**Directions for this task**: Set the listing down exactly; no pictures.

**Provided data**:
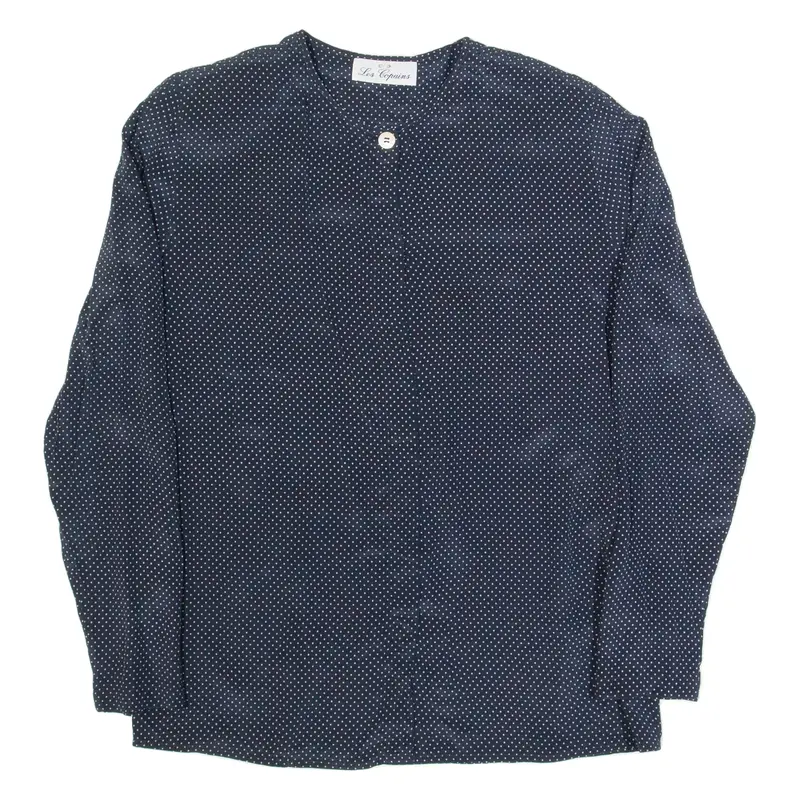 LES COPAINS Womens Printed Blouse Blue Long Sleeve Spotted M
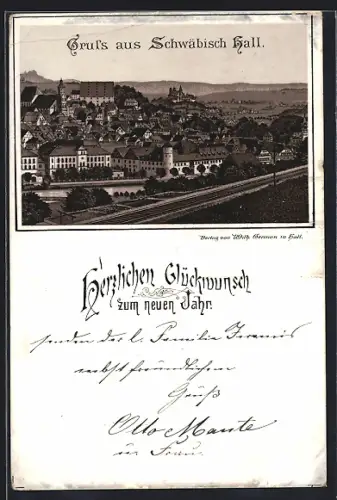 Lithographie Schwäbisch Hall, Stadtansicht mit Schloss und Altstadt
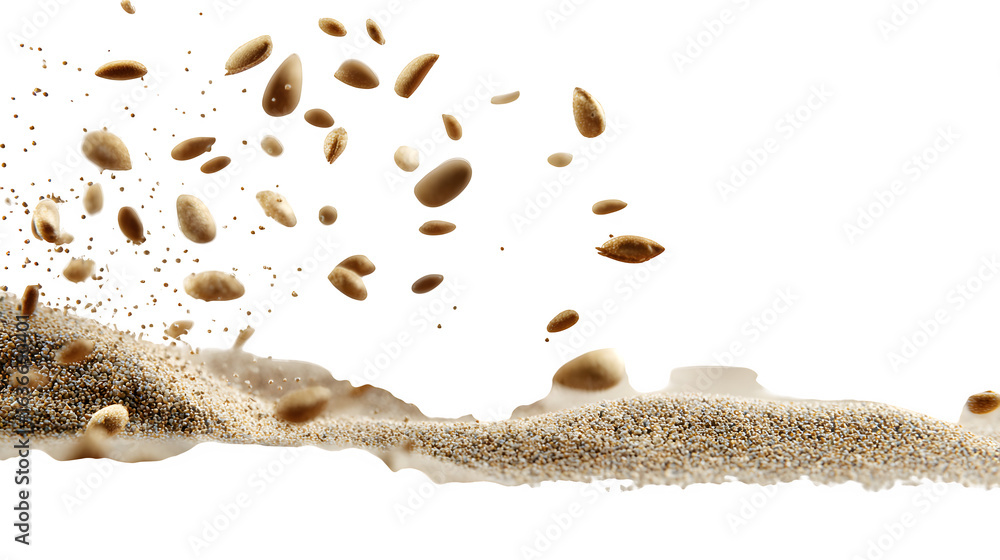 Fototapeta premium Flying sand grains scattered in air on a white background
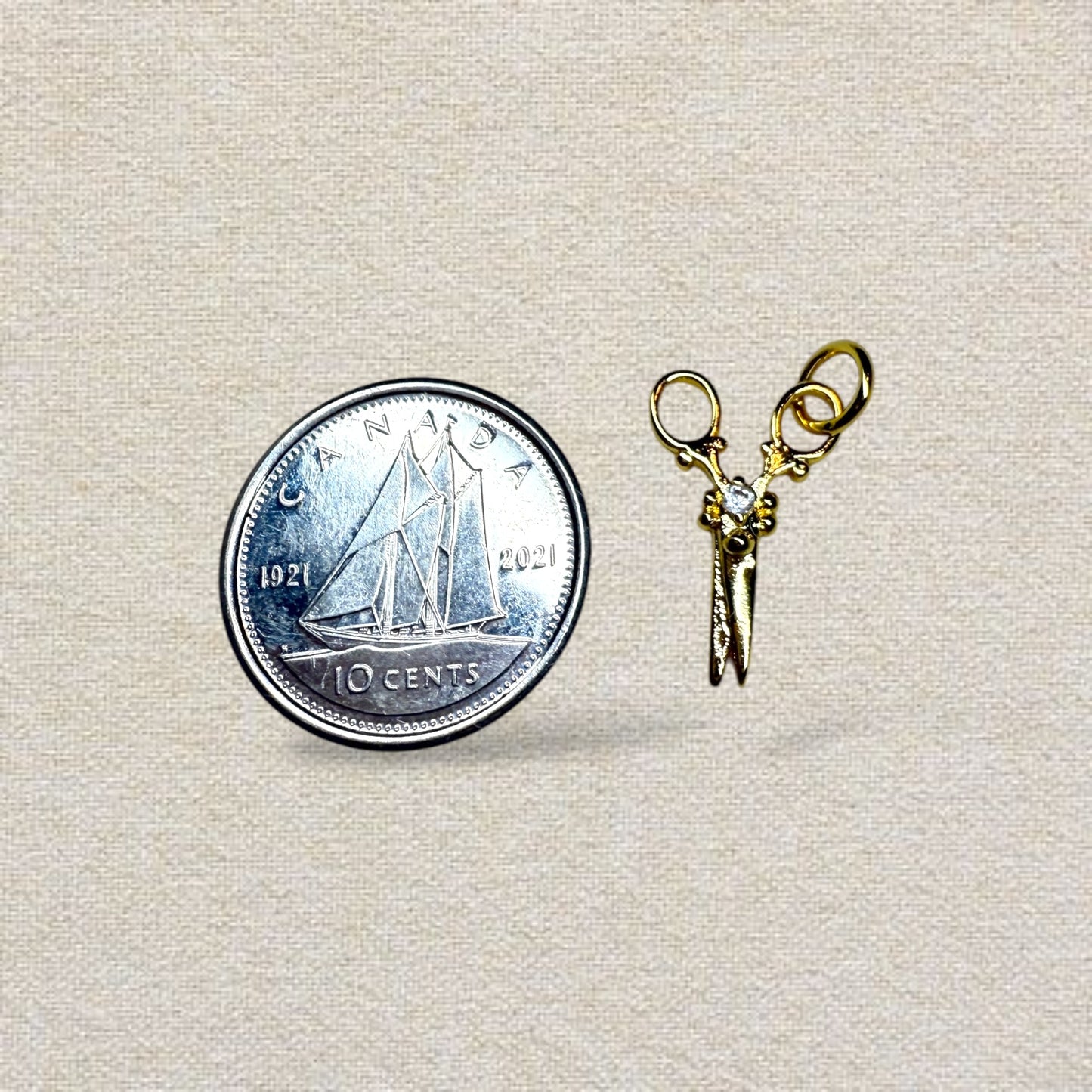 gold hairstylist scissors charm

**Task result**:
 LES COPAINS Womens Printed Blouse Blue Long Sleeve Spotted M
 Lithographie Schwäbisch Hall, Stadtansicht mit Schloss und Altstadt
 Fototapeta premium Flying sand grains scattered in air on a white background
 gold hairstylist scissors charm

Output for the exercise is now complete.